In collegamento con il programma Oggi è un altro giorno, Myss Keta, l’artista più misteriosa d’Italia. “Si è vero, vado poco in tv – esordisce la cantante rispondendo alle domande di Serena Bortone – la mascherina? Ho anticipato la moda e i trend, no a parte gli scherzi, sono molto contenta di vedere la gente in giro con le mascherine, vuol dire che si prendono cura di se stessi. La scelta della mascherina è iniziata quando abbiamo fatto i primi video delle prime canzoni, volevamo che Myss Keta raccogliesse tanti volti, fosse la voce di una generazione, e per questo abbiamo deciso di nascondere un volto che ne rappresenta mille. Sotto mi trucco? Se mi va si, se non mi va no, un viso a chilometro zero? Quello sì, ottima osservazione. Il volto coperto mi rende molto libera, questo personaggio mi permette di essere sincera, di parlare delle cose di cui voglio parlare, di esprimersi al massimo, e il fatto che l’identità di Keta sia celata, dà grande possibilità di libertà di movimento in tutti i sensi. Mi diverto molto quando le persone fanno i selfie con me con il volto coperto”,



MYSS KETA: “MI DIVERTE QUESTO GIOCO DELLA MASCHERINA”

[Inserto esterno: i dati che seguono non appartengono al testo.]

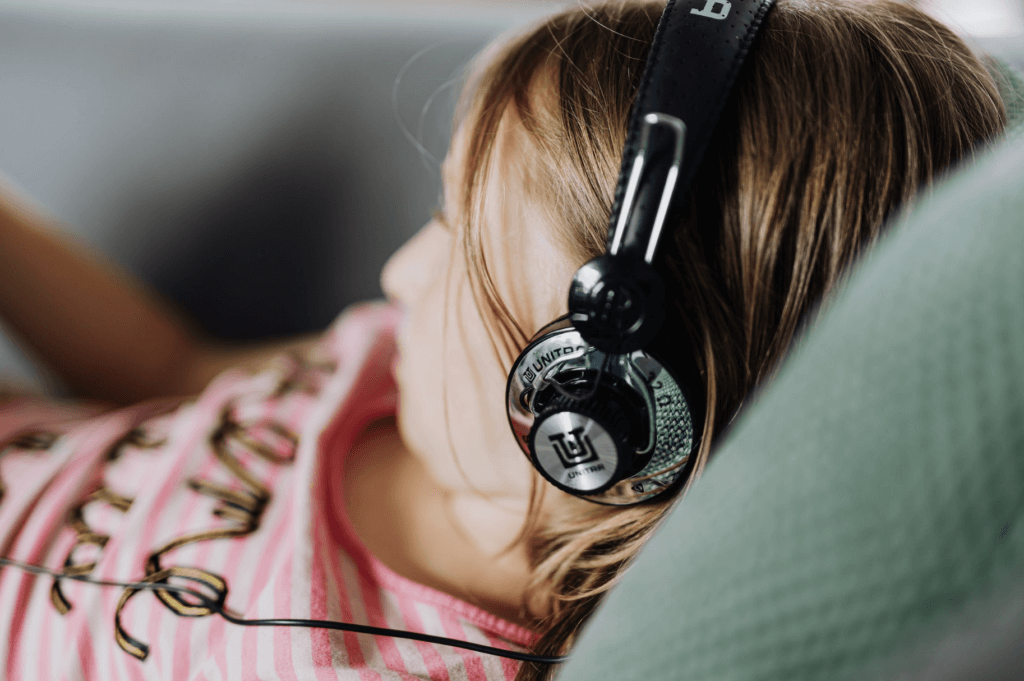 girl listening to headphones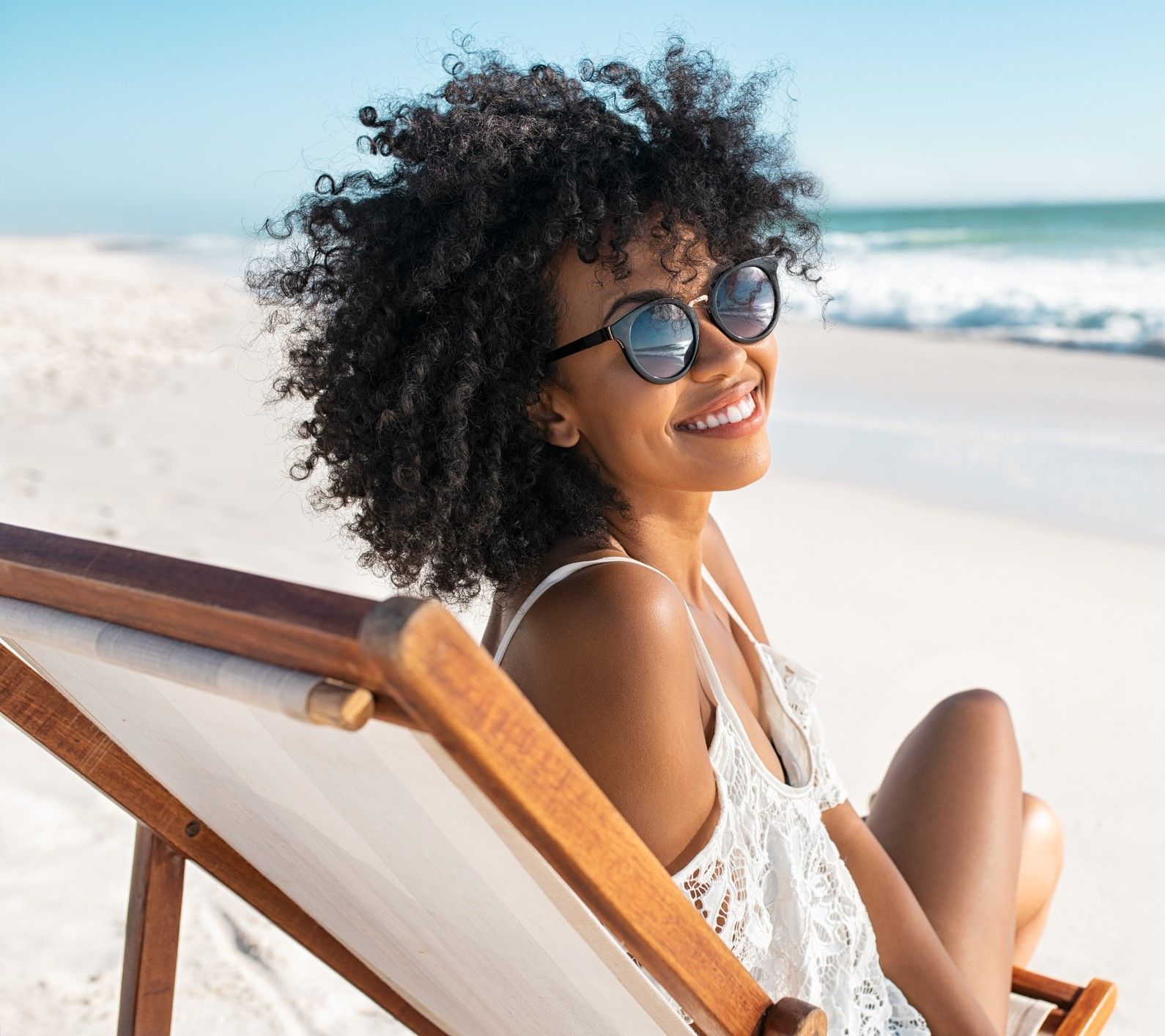 A Woman is Sitting in a Beach Chair – Largo, FL - Optical Factory and Showroom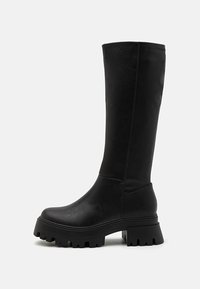 Black knee-high boots made of faux leather, featuring a chunky rubber sole with deep grooves, smooth surface, and minimal stitching details.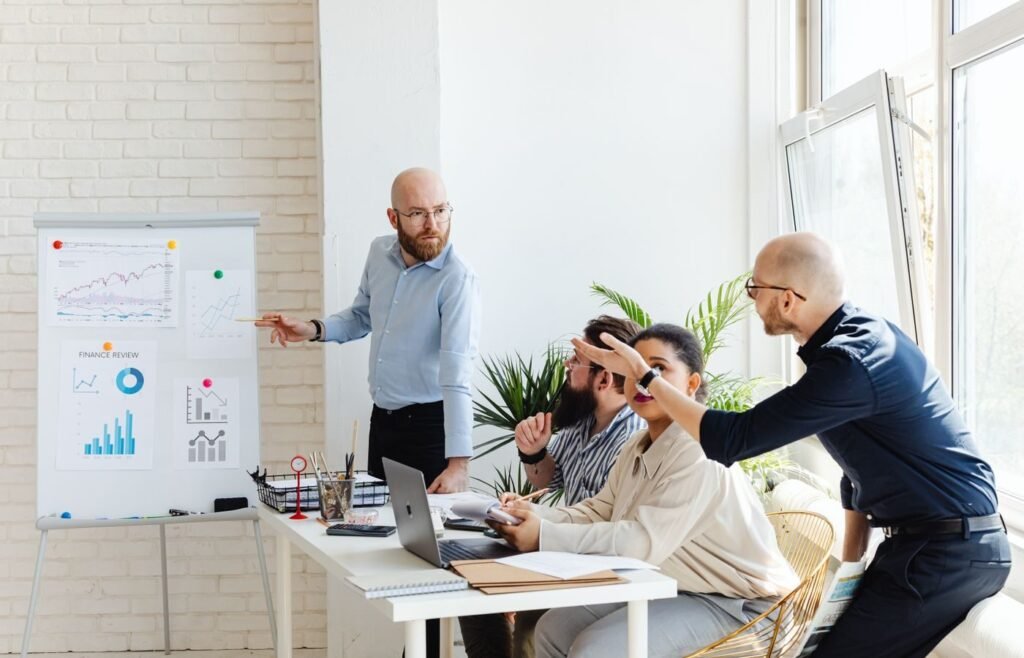 Team reviewing financial charts on a whiteboard during a monthly business review
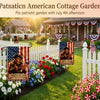 A patriotic garden scene featuring a white picket fence, colorful flowers, and a wooden house decorated with American flags.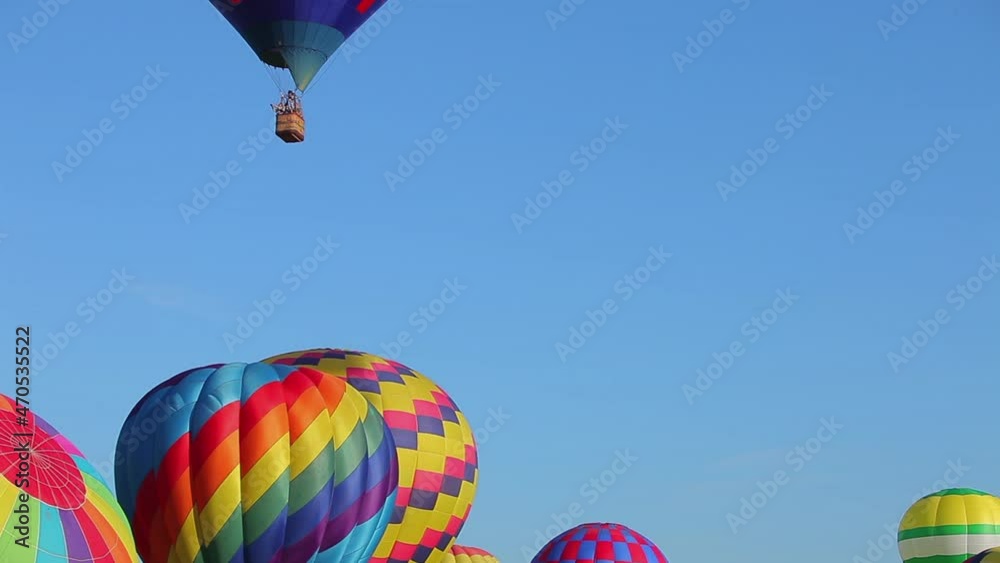 Multiple hot air balloons at an air show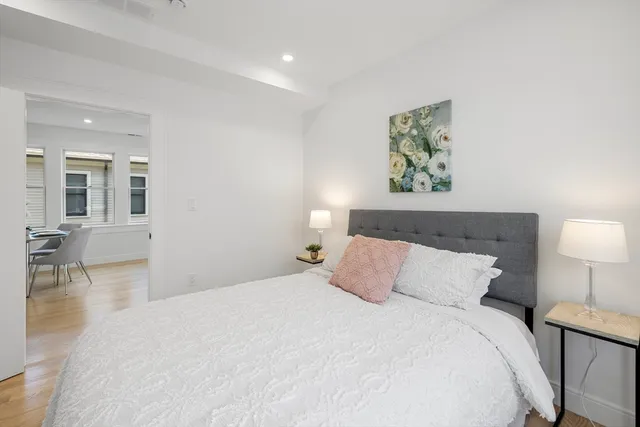 a bedroom with a bed and wooden floor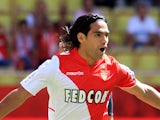 Monaco's Colombian forward Radamel Falcao celebrates after scoring a goal from the penalty spot during the French L1 football match between AS Monaco and FC Lorient at the Louis II Stadium in Monaco on September 15, 2013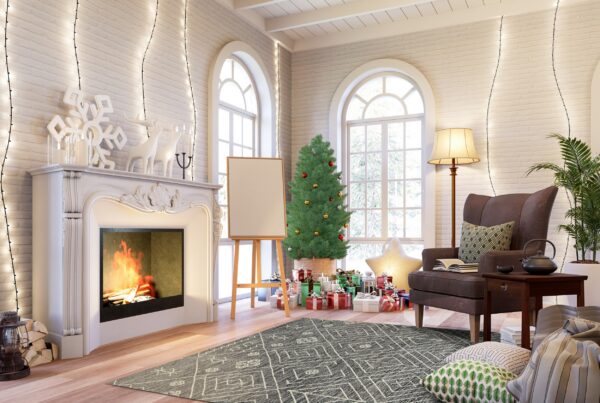 A low-pile gray runner with thin white geometric lines sits on wood flooring in a festive living room.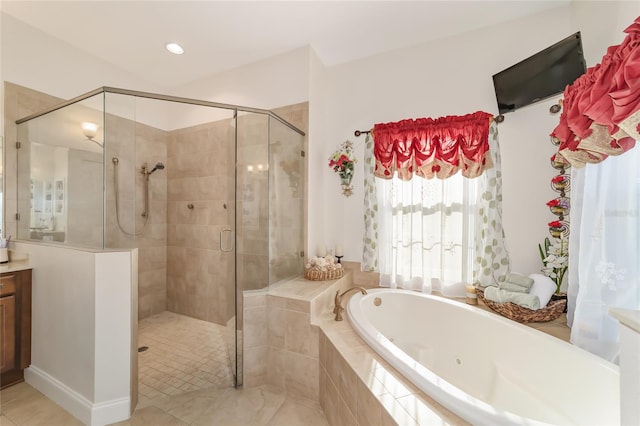 bathroom with separate shower and tub, vanity, and tile flooring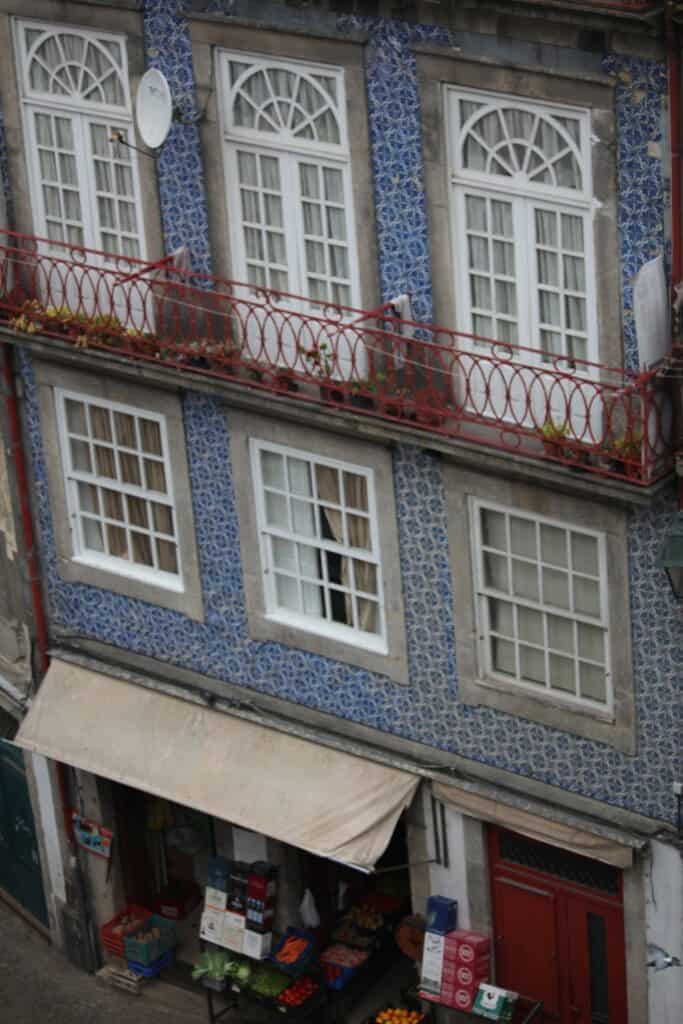 Building with wrought iron balconies and azulejo tiles.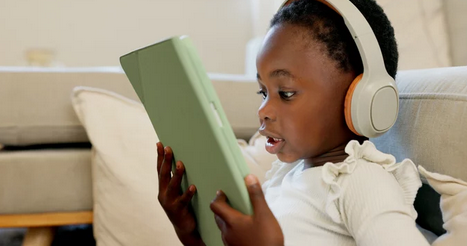 young child reading on a tablet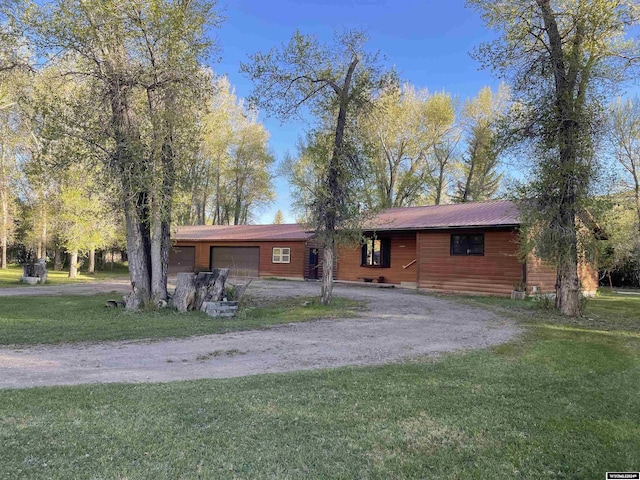 ranch-style house with a front yard and a garage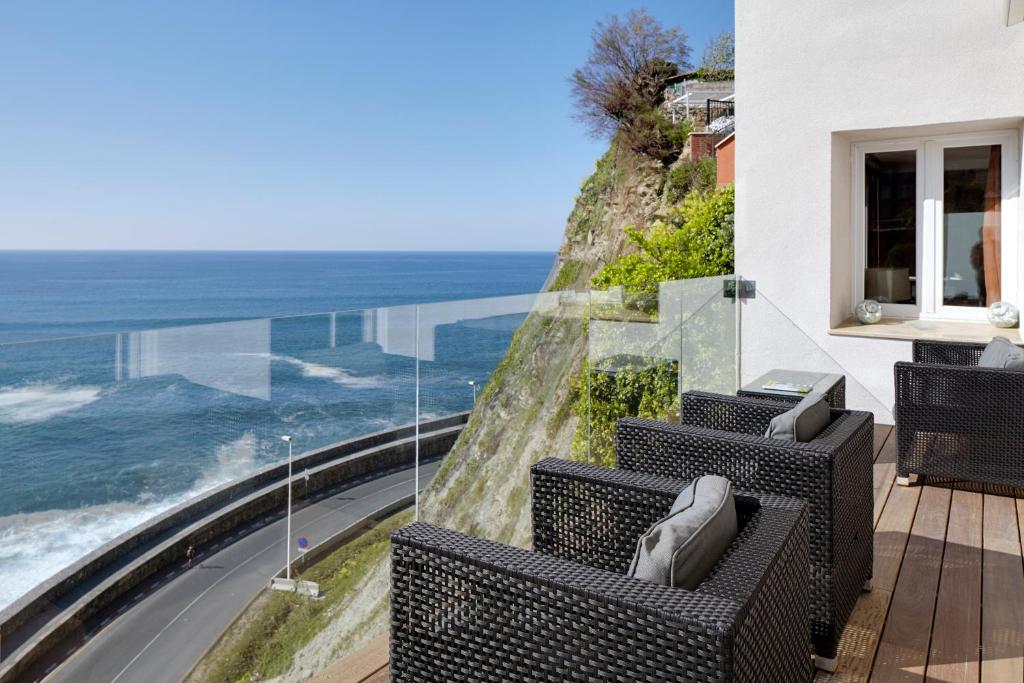 吉塔里亚赛亚兹盖塔利亚酒店的阳台配有椅子,享有海景。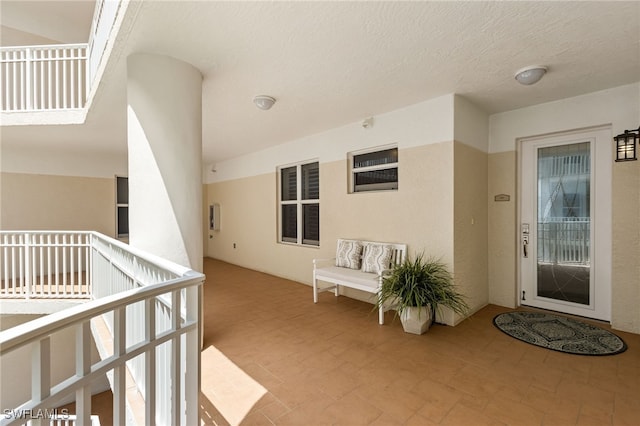 14250 Royal Harbour Ct Unit 913, Fort Myers, FL 33908 - view of exterior entry featuring stucco siding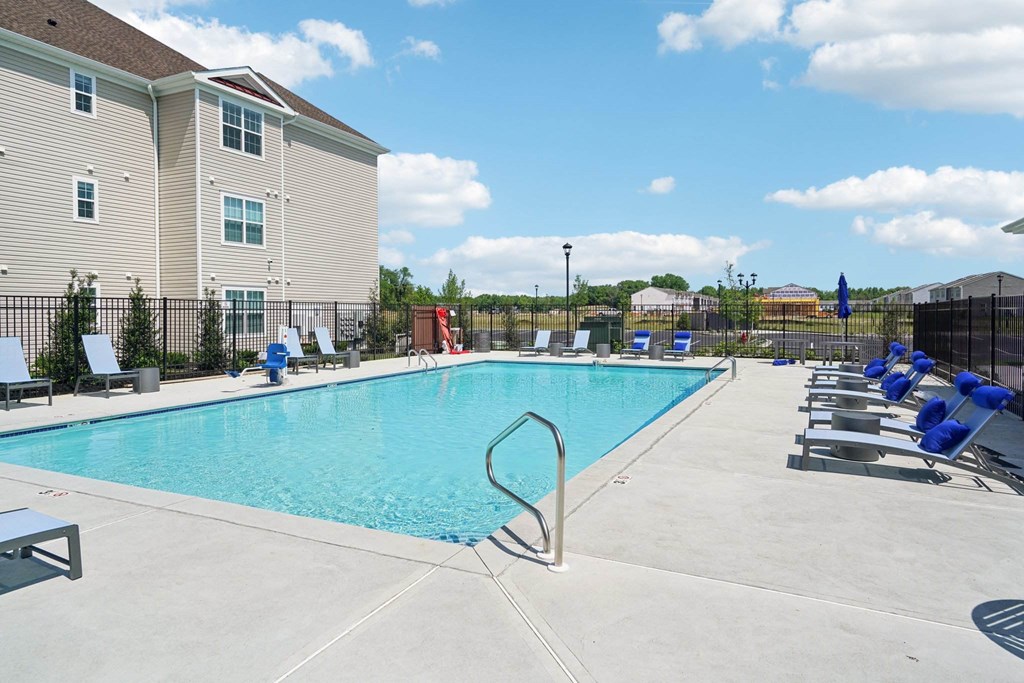 A large swimming pool with a diving board and lounge chairs.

Rispetto a questa sovraesposizione dei volti – ha proseguito Myss Keta – mi diverte un pochino questo gioco, è molto divertente e voglio proseguirlo”. Lo scorso mese di febbraio la cantante è stata sul palco di Sanremo assieme all’amica Elettra Lamborghini: “Ogni volta mi diverto a rivedere Sanremo, ci siamo divertite tantissimo. Il palco di Sanremo agita un sacco, una volta che fai quelle scale ti agita ed è un’emozione unica; io ed Elettra ci siamo divertite come delle matte. Ci sentiamo ancora, altri progetti? Chi lo sa, non posso rivelare troppo, discograficamente vedremo un po’ cosa fare”. Sugli autori dei suoi pezzi: “Siamo un collettivo che lavora a questo progetto e spesso l’ispirazione nasce da situazioni, da cose che vediamo, che viviamo, ad esempio ‘Giovanna hardcore‘ si porta dietro un mondo, dal Medioevo a quello contemporaneo, un mondo di eroine, di guerrieri, di giganti, e poi comunque usiamo molta ironia che ci serve molto”.